By ZOË WATKINS
How long before someone’s right to live how they want infringes on the rights of others?
This is a dilemma the Town of Normandy has been facing since 2018 with one of the distressed properties in town.
“This has been going for years, and we keep getting stonewalled on it,” said Normandy Mayor Charles Whitaker at the Oct. 9 Board of Mayor and Alderman work session.
One property in particular, on Division Street, has many neighbors and town officials calling for it to be condemned.
Mayor Whitaker explained there have been complaints of animal abuse, trash pilling up, no running water in the house, and even rats visibly jumping out of the home’s windows.
“We would like to move on with condemnation of the property at this point.
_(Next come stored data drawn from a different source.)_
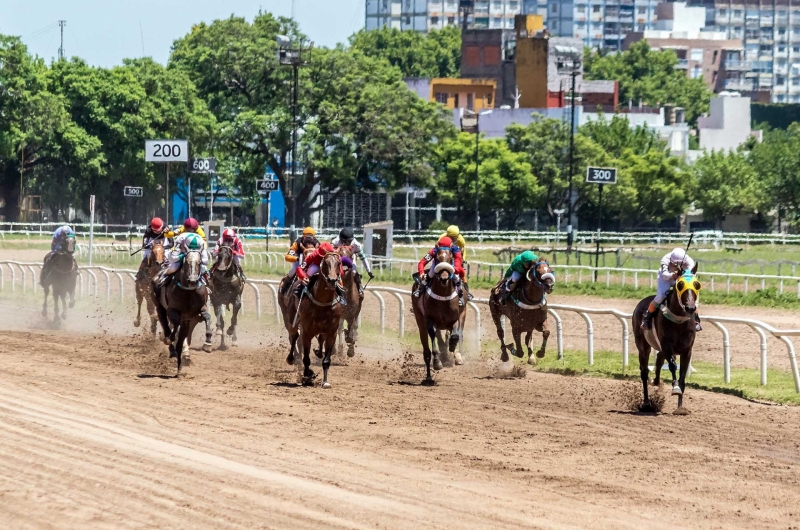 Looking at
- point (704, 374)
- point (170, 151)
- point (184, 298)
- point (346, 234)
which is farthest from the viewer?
point (170, 151)

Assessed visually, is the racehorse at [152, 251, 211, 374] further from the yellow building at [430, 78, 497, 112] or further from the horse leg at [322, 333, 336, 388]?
the yellow building at [430, 78, 497, 112]

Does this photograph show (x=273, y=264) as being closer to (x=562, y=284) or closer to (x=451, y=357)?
(x=562, y=284)

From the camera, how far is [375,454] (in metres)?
11.5

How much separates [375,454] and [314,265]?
4.88 m

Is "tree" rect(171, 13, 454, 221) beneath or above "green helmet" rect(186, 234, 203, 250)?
above

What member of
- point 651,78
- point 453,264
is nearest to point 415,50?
point 651,78

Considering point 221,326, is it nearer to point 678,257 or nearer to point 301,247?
point 301,247

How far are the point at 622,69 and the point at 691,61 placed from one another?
138 feet

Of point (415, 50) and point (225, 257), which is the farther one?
point (415, 50)

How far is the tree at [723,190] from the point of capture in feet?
253

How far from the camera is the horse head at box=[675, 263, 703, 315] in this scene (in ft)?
45.3

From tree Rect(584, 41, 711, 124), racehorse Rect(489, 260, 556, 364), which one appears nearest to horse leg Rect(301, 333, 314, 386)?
racehorse Rect(489, 260, 556, 364)

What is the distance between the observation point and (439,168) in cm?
7038

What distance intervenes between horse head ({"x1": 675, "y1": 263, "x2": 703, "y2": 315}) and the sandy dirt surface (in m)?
1.14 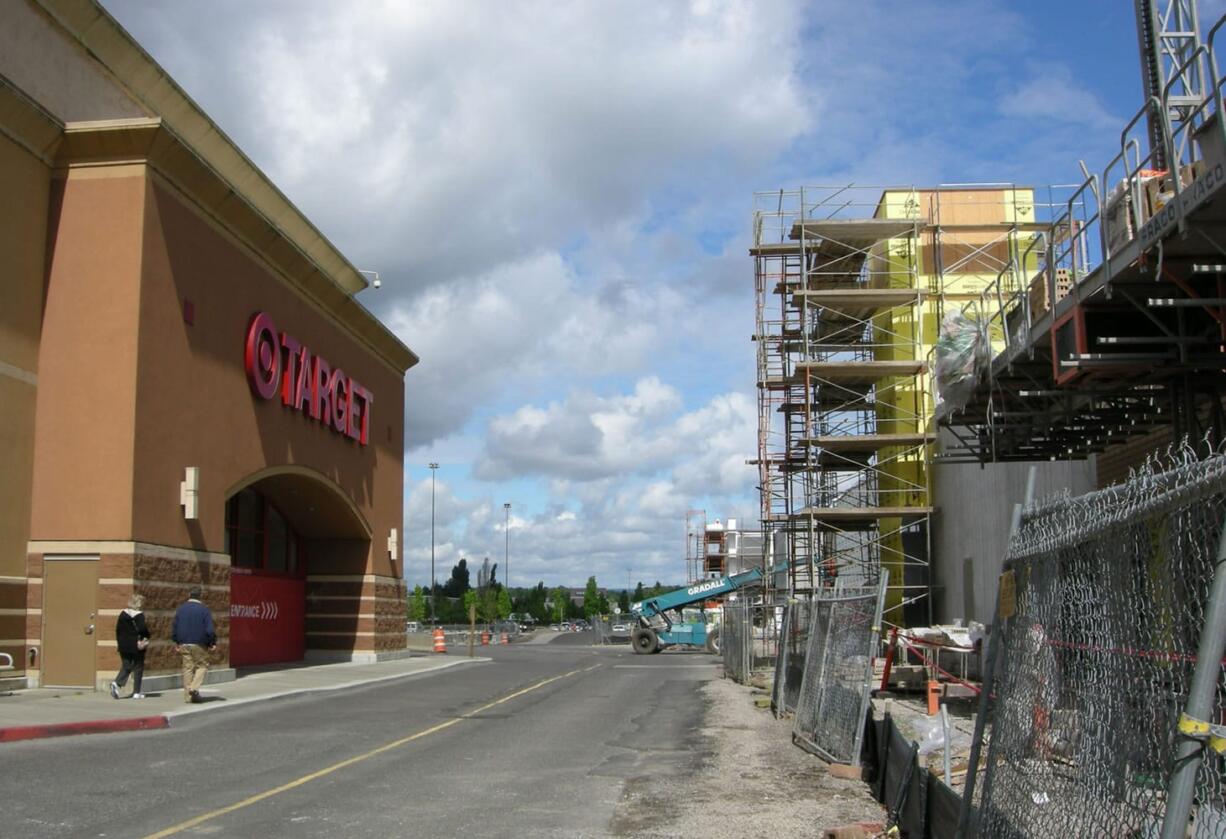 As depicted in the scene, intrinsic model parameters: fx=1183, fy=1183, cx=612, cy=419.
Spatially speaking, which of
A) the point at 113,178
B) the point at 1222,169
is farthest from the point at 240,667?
the point at 1222,169

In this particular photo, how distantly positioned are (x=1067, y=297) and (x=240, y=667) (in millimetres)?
21244

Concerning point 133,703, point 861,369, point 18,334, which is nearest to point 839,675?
point 133,703

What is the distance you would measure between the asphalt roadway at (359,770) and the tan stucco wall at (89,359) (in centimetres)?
424

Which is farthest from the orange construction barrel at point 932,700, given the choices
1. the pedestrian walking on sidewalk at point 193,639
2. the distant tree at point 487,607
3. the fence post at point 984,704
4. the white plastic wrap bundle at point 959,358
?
the distant tree at point 487,607

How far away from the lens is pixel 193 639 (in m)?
18.0

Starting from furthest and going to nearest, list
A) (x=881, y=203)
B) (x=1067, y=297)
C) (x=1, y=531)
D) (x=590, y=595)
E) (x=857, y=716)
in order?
(x=590, y=595)
(x=881, y=203)
(x=1, y=531)
(x=1067, y=297)
(x=857, y=716)

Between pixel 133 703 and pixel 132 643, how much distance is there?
2.88 feet

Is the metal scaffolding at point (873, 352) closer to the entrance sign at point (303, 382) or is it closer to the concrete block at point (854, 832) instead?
the entrance sign at point (303, 382)

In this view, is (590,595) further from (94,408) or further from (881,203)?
(94,408)

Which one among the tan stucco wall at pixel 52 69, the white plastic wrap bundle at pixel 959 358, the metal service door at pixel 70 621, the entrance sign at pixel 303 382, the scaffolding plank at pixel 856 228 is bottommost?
the metal service door at pixel 70 621

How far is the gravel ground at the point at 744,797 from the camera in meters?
9.02

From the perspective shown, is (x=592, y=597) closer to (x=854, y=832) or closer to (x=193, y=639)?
(x=193, y=639)

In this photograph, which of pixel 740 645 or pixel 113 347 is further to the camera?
pixel 740 645

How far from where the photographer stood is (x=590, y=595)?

I mean, the rats jumping out of the windows during the farmer’s market…This has got to stop,” he said.
“They’re not supposed to have dogs up there,” said Whitaker, who’s been in contact with Bedford County Animal Control after a dog was reported to have gotten its head stuck in a hole in the house’s exterior brick wall. The dog was reported to be ok.
“It’s not habitable for domestic animals or humans. There’s no running water. The place is squalid,” said Whitaker. City officials added during the meeting that the residents of the property allegedly live in vans parked on the front lawn.
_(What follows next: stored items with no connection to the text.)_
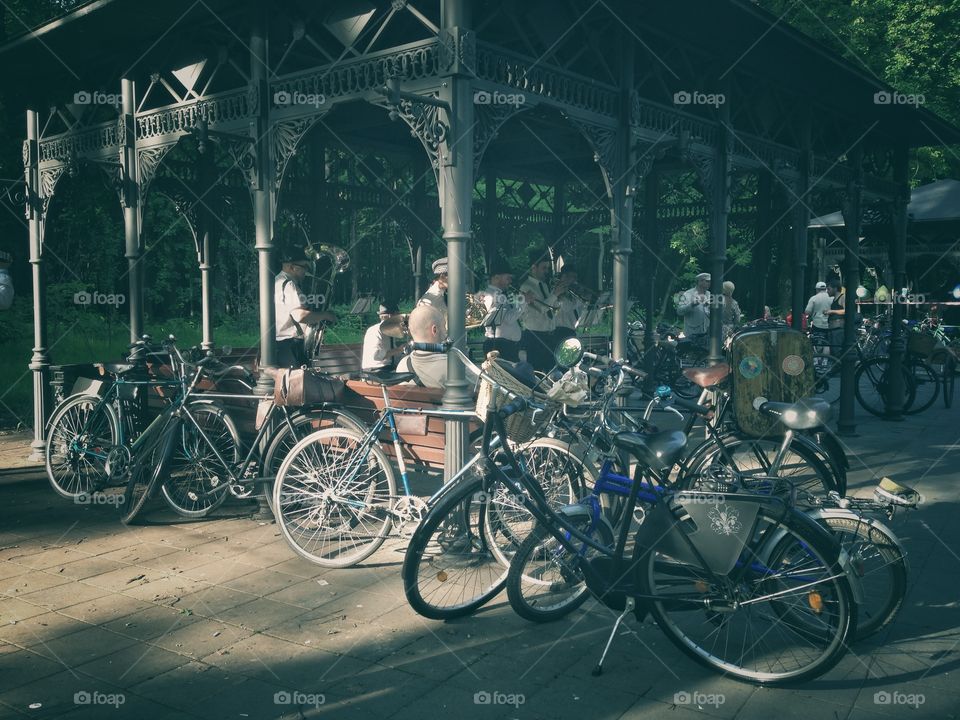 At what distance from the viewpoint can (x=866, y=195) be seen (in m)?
11.6

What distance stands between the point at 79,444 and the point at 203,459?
160 cm

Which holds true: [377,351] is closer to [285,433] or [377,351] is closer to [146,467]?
[285,433]

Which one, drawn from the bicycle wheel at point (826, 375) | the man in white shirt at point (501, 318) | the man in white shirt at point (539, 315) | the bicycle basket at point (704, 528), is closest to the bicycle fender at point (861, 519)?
the bicycle basket at point (704, 528)

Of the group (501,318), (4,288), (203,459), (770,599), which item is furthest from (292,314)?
(770,599)

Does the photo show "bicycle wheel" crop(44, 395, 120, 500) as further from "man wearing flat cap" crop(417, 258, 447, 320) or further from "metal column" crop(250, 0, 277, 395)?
"man wearing flat cap" crop(417, 258, 447, 320)

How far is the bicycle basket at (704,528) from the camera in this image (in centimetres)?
352

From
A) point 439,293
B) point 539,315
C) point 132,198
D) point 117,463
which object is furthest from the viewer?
point 539,315

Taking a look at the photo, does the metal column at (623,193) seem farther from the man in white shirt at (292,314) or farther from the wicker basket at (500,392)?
the wicker basket at (500,392)

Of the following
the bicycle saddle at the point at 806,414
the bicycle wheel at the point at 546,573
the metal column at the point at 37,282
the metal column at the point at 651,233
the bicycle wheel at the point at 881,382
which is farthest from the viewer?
the metal column at the point at 651,233

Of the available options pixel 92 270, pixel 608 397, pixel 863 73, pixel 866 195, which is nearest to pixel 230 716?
pixel 608 397

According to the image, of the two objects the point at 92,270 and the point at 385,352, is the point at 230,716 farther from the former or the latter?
the point at 92,270

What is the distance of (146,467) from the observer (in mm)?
6191

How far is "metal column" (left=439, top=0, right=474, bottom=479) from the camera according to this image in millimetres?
5375

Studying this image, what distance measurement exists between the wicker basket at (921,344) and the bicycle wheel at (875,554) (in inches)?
349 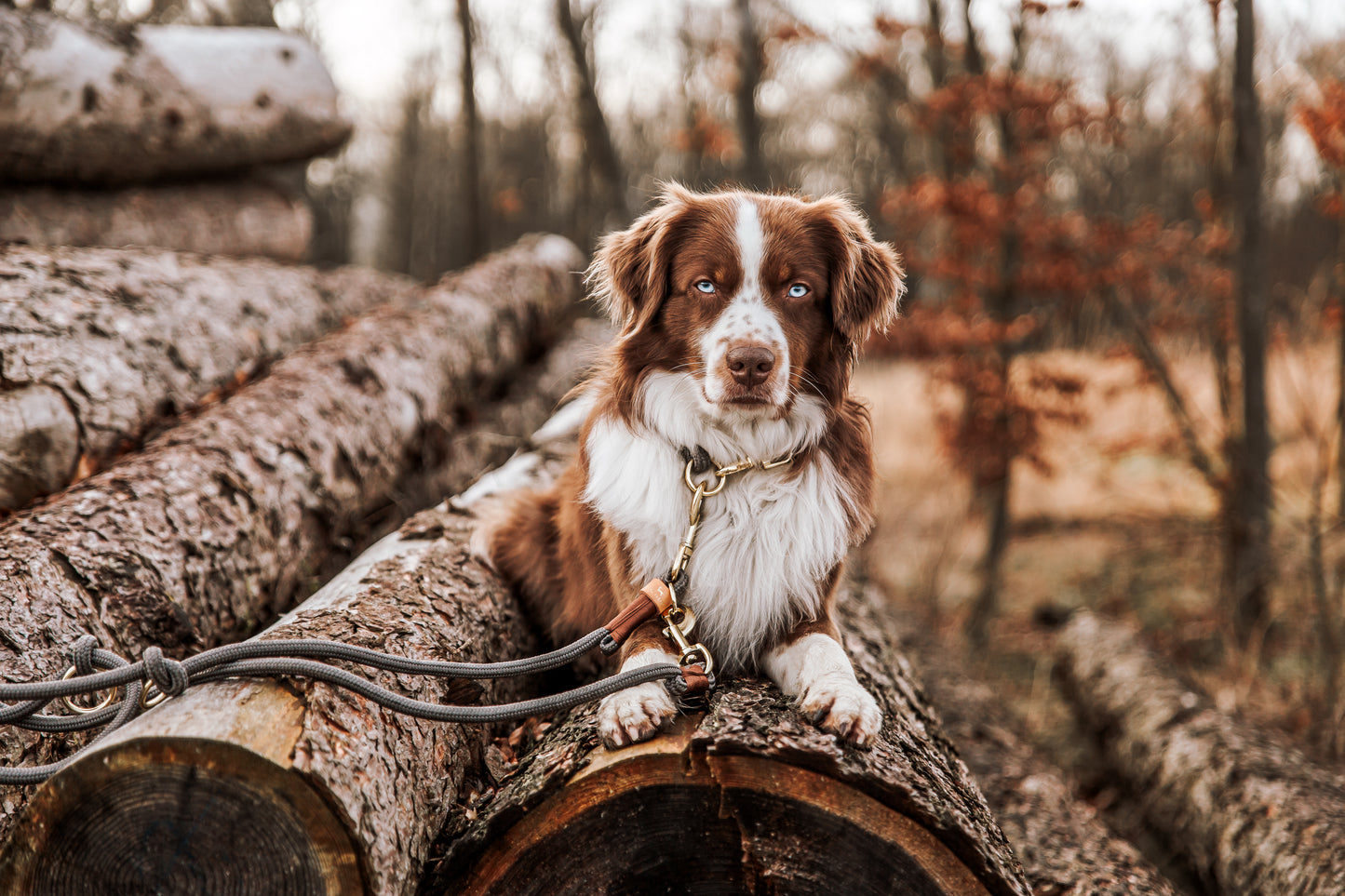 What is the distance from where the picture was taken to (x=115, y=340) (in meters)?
3.61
“I’m not one to put anybody out on the streets,” said Laurie Raulston, who pastors the Methodist Church in Normandy. “But it’s an eyesore in the town, and it’s a hindrance to what we’ve been trying to promote here.
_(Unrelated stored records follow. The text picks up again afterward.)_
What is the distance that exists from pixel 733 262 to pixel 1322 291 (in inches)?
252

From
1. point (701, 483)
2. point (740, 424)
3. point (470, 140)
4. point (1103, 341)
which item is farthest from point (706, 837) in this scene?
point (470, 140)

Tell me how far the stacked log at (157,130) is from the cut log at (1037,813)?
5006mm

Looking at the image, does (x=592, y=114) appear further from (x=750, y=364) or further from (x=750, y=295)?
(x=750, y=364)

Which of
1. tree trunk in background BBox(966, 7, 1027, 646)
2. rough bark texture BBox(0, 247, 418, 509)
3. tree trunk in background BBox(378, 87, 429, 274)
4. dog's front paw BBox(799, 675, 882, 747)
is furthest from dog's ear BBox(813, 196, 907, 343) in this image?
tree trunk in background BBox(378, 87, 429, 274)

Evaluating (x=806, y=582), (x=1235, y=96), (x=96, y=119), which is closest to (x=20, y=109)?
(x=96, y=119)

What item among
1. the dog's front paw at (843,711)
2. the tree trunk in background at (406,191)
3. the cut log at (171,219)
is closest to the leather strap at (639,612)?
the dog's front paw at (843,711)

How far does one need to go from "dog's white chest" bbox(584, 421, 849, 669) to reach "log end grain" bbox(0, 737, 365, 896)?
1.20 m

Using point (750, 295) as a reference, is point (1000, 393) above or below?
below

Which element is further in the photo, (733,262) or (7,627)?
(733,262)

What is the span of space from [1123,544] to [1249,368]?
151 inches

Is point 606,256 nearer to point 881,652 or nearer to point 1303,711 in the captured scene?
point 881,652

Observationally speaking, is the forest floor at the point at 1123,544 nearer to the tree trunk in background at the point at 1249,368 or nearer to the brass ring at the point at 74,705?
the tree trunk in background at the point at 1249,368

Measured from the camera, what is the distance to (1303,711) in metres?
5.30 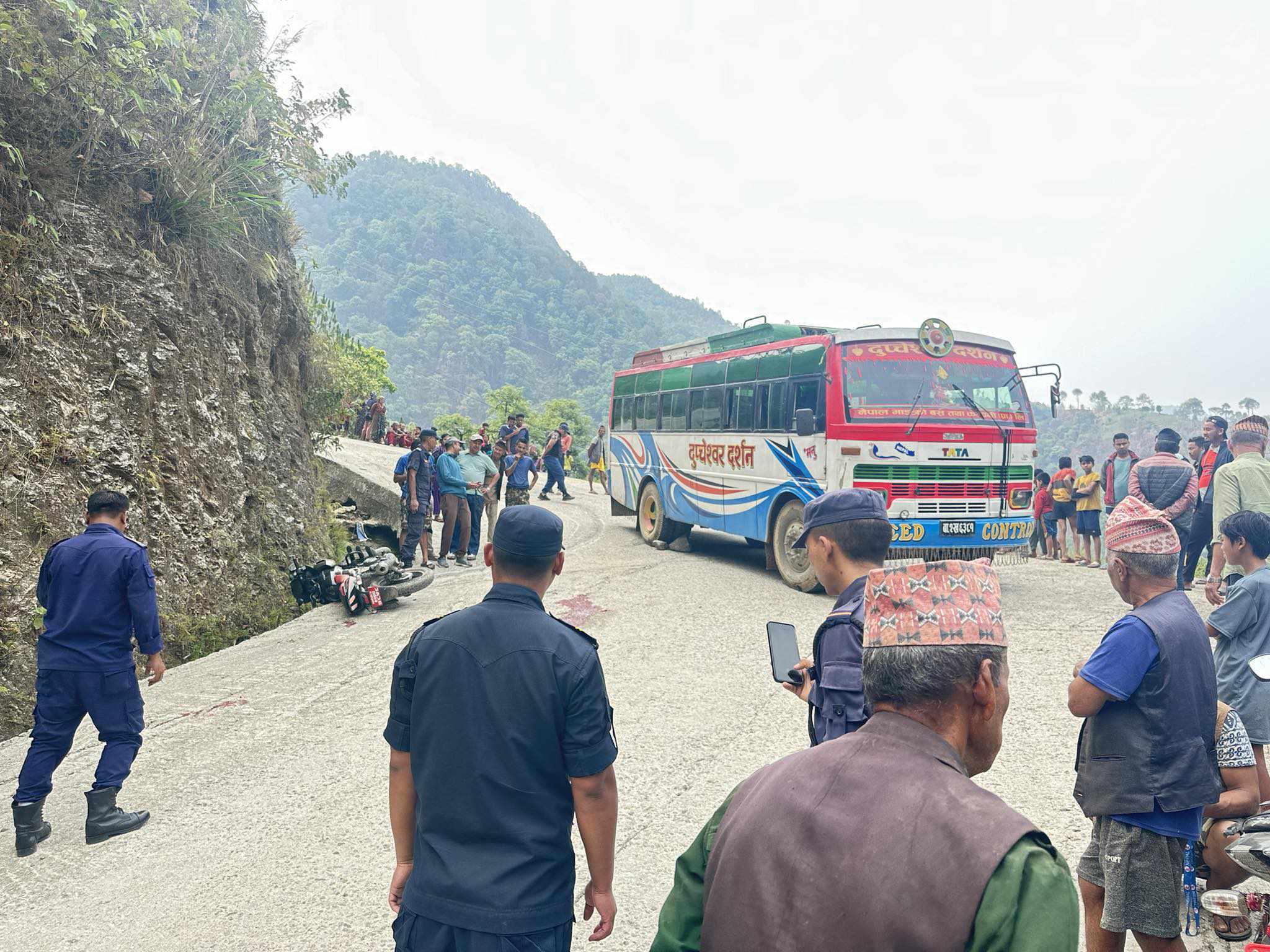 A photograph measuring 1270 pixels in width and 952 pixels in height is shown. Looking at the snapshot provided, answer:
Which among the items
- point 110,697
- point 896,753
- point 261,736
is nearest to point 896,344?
point 261,736

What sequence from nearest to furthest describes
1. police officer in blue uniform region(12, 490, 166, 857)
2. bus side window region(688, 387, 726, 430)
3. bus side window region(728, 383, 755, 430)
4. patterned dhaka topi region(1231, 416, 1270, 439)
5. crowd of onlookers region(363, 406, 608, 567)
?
police officer in blue uniform region(12, 490, 166, 857) < patterned dhaka topi region(1231, 416, 1270, 439) < bus side window region(728, 383, 755, 430) < crowd of onlookers region(363, 406, 608, 567) < bus side window region(688, 387, 726, 430)

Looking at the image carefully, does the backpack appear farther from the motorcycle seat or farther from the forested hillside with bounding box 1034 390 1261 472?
the forested hillside with bounding box 1034 390 1261 472

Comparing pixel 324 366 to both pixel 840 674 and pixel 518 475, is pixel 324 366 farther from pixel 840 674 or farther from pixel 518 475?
pixel 840 674

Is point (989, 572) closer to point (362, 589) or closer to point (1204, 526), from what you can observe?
point (362, 589)

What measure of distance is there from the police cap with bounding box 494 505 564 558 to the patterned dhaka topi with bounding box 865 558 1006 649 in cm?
109

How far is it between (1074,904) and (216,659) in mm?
8279

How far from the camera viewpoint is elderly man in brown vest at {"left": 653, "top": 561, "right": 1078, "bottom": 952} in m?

“It’s public health issue,” she added.
The uninhabitable environment of the house comes after officials with the town of Normandy led a clean-up day for the house to remove the piles of trash surrounding the home. But it proved invaluable in the long-run.
“We cleaned it up for them, but you see what kind of shape it’s in,” said Whitaker. “Yeah, we got a lean on the property. And, yeah, we can wait out the two years and eventually own the property. But I think we need to do something between now and then or we’re still going to be living with this in two years.”
Mayor Whitaker said he had called the county’s Zoning Office; they said they have heard of several complaints about the specific Division Street property.
“What I got was a whole lot of why we can’t do things instead of how we can do things,” said Whitaker. “We’re kind of on our own with that one, and we’re going to have to figure out what to do.”
Commissioner Scott Johnson, who was in attendance at the meeting, said, “The county rules on property—the county does not have a lot a rules because we have not adopted the County Powers Act, which allows you to act like a city.”
Whitaker said they will most likely have to take the property owners to court over the issue, but the board of alderman agreed that the property needs to be condemned.
“If we can get the help of the county courts, I think that’s going to be the best way to go,” said Whitaker.